EXERCISE INSTRUCTIONS: If a line of the listing contains the string "France", return that line.

DATA TO USE:
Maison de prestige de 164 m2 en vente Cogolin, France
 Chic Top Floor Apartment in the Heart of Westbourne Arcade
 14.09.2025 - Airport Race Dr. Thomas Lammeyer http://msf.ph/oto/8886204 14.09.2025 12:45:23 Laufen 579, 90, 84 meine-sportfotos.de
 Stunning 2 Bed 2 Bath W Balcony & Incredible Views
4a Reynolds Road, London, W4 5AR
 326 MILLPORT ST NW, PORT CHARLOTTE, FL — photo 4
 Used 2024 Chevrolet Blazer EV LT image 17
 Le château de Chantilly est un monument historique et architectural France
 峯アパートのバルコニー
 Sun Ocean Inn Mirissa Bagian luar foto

RESPONSE TO THE EXERCISE:
Maison de prestige de 164 m2 en vente Cogolin, France
 Le château de Chantilly est un monument historique et architectural France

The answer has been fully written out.